NLP: Using a version of SNAFUE in natural language processing could be helpful for identifying natural phrases that could cause language models to fail. This could be valuable for language models because the discrete nature of their inputs makes it difficult to use gradient based methods to construct adversarial perturbations in input space. However, SNAFUE could be used to produce interpretable adversaries from synthetic adversarial insertions to the latents. Other recent works have aimed to generate adversarial triggers for language models that appear as natural language phrases. However, these often depend on either using reinforcement learning to train language generators which can be unstable and computationally expensive [44] or on using humans in the loop [59]. Because SNAFUE is automated and can work flexibly with any dataset of candidate features, it may offer a competitive alternative to existing tools.
All of the proposals for building safe AI outlined in [25] explicitly call for adversarial robustness and/or oversight via interpretability tools.
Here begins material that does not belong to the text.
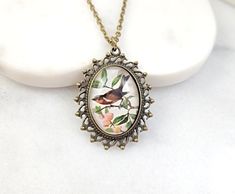 "This vintage-style bird necklace is made with an 18x25mm glass picture cabochon with a red-breasted robin perched in a rose bush. We set the cabochon in a lovely antiqued bronze bezel, and it hangs on an 18-inch antiqued bronze cable chain with a lobster clasp. This pretty necklace makes a lovely jewelry gift for her. Thank you for looking. NOTE: Gemsicles' gold-filled, rose/gold-plated, antiqued, silver and rhodium jewelry is cadmium-free, lead-free and nickel-free. Also, our plated jewelry is Bird Design Necklace Gift, Round Necklace With Bird Design For Gift, Robin Jewelry, Dove Jewelry, Rhodium Jewelry, Gifts Pink, Original Jewelry Design, Etsy Boutique, Pretty Necklace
Finding and fixing bugs in advanced AI systems will hinge on interpretability, adversaries, and adversarial training. Consequently, continued work toward scalable techniques for interpretability and diagnostics will be important for safer AI.
Acknowledgments
We thank Rui-Jie Yew and Phillip Christoffersen for feedback and Evan Hernandez for discussing how to best replicate results from [23]. Stephen Casper’s work was supported by the Future of Life Institute and Kaivalya Hariharan’s work was supported by the Open Philanthropy Project.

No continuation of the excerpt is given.